I recently stumbled upon this and am checking here to see if what I am proposing is indeed feasible and can be considered a breach of privacy.
For obvious reasons I am not revealing the website which exhibits this property
The URLs are of the format :
https://xxxxxxxxyyyyyzzzz/xyz/<6 digit rand>_<17 digit rand>_<10 digit rand>_n.jpg
And requesting the above link will return you an image. Now, as you can see, the entropy of the possible URLs are quite large. But note that they are all integers(0-9).

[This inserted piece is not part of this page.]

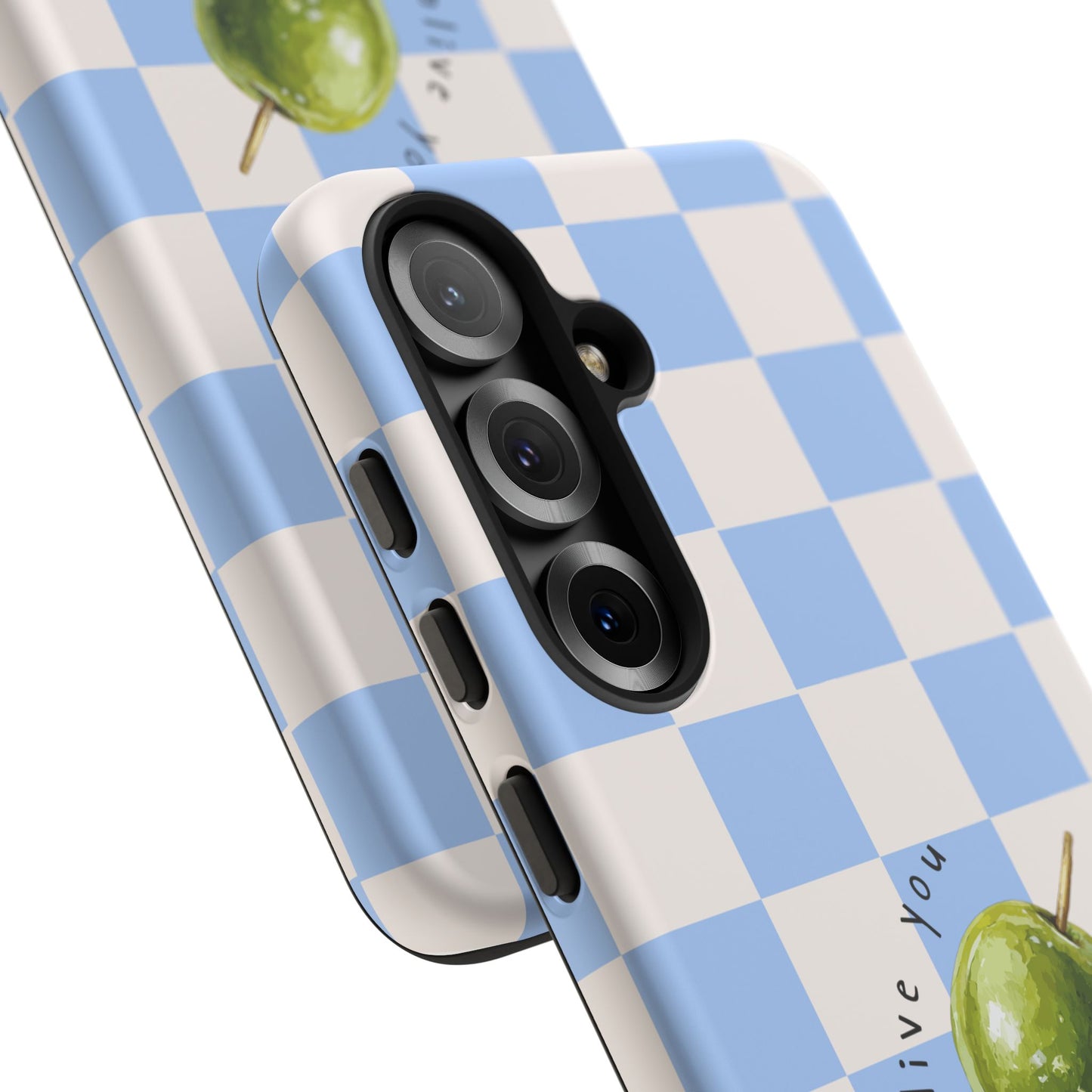 Blue Checkered Phone Case — 'Olive You' Patterned Protective Cover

This website hosts contents of millions of people ;)
and my guess is that at least 10% of the URLs contained within these random number will work. Of course, its just a guess.

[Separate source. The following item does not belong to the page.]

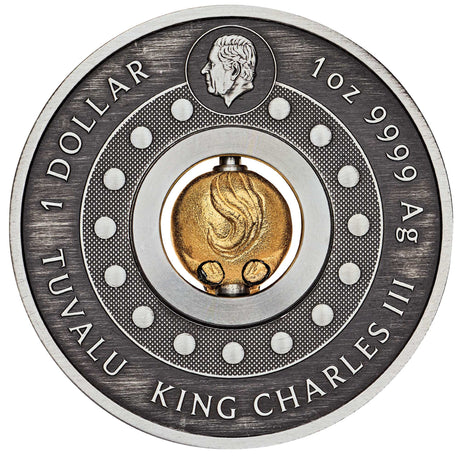 Year of the Horse Rotating Charm 2026 1oz Silver Antiqued Coin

My question is : is this feasible ? Is my Claim true ? My presumption here is that these random numbers may be a non-cryptographic hash of some string. There is no way to confirm the above sentence. For the sake of this question, lets assume it does.
My code to generate these links looks like so (just a snippet)
first = str(random.randint(100000,999999))
second=str(random.randint(10000,99999))+str(random.randint(10000,99999))+str(random.randint(10000,99999))+str(random.randint(10,99))
third= str(random.randint(10000,99999))+str(random.randint(10000,99999))
test='https://<URL>/'+first+'_'+second+'_'+third+'_n.jpg'
try:
image=urllib2.urlopen(test)
print (image.read()).__len__()
except:
print "fail"
I have not tried to run this for more than tens of requests for the fear of my IP being blocked by the server for excessive requests. I do not intend to either. Just want to clarify if my understanding is right.
P.S: Am not a python developer, so please forgive if my code is ugly (suggestions will be happily taken to improve)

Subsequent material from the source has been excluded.